Selected/Standard response: A type of certification examination item in which the candidate is required to select the correct answer from a list of answer options. Examples of selected response items include multiple-choice, multiple-selection, matching, drag & drop, sequencing/list, fill-in-the-blank and hot area (graphic multiple choice).

Skill Group: During the creation of a certification examination, subject matter experts define the skills that would demonstrate the target audience for certification. These items are evaluated as to functional importance and broken into topics which we reference as sections or skill groups. If skills within a section are considered essential to the subject, it will contain more items than a section considered less fundamental. It will also have items considered to require a higher degree of subject knowledge. Therefore, each section has a varied number of items which also vary in level of difficulty.

Simulation: A type of exam item where certain aspects of an application are re-created in order to simulate being in the actual program.

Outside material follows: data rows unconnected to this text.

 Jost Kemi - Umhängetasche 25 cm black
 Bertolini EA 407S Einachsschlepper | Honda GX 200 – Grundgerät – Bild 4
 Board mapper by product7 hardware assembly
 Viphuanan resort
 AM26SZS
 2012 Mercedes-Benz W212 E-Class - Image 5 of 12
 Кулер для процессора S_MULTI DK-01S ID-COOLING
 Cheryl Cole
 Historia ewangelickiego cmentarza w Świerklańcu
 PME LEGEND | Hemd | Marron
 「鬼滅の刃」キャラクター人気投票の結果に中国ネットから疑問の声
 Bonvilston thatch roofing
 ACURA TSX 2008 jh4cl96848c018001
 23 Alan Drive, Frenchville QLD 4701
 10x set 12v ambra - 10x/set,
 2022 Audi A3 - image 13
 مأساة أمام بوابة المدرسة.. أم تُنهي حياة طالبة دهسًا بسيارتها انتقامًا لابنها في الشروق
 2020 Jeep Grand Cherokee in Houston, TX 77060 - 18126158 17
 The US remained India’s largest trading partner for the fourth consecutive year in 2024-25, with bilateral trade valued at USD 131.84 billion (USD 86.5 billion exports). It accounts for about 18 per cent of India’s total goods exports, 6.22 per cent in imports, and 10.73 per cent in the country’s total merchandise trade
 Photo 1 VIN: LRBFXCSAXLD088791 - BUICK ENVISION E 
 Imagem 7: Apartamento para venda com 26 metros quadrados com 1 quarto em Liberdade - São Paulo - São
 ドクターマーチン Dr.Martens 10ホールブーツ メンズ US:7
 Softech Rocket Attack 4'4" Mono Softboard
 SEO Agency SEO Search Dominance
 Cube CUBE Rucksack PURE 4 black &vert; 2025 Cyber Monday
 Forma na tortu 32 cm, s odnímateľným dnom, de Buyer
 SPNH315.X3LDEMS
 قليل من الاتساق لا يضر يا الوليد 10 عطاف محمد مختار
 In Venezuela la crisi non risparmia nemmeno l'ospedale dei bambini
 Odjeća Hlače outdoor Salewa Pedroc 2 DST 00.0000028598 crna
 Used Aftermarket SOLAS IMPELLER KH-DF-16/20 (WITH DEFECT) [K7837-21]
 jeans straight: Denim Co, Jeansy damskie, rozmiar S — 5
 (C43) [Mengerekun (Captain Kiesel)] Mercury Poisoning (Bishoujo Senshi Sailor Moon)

Sitting: Since there are many stages to exam delivery including registration, preparation, learning, and scoring, this is a term used to describe the time a Test Candidate is actually “in their seat” taking a certification exam.

Standard setting: Committee-based process for acquiring or refining achievement level descriptors and determining cut score recommendations for an exam. Subject matter experts confirm that test-takers who pass the exam have achieved a justifiable and defensible standard.

Stem: The question portion of an item; it presents the problem to be solved.

Subject Matter Expert (SME): A person who provides expertise in a specific field of knowledge.



Task: A request within an exam item for a test candidate to demonstrate a specific skill.



Validity: The degree to which available evidence and theory support scoring interpretations for a test. There are many aspects of test validity: content, construct, concurrent, and predictive.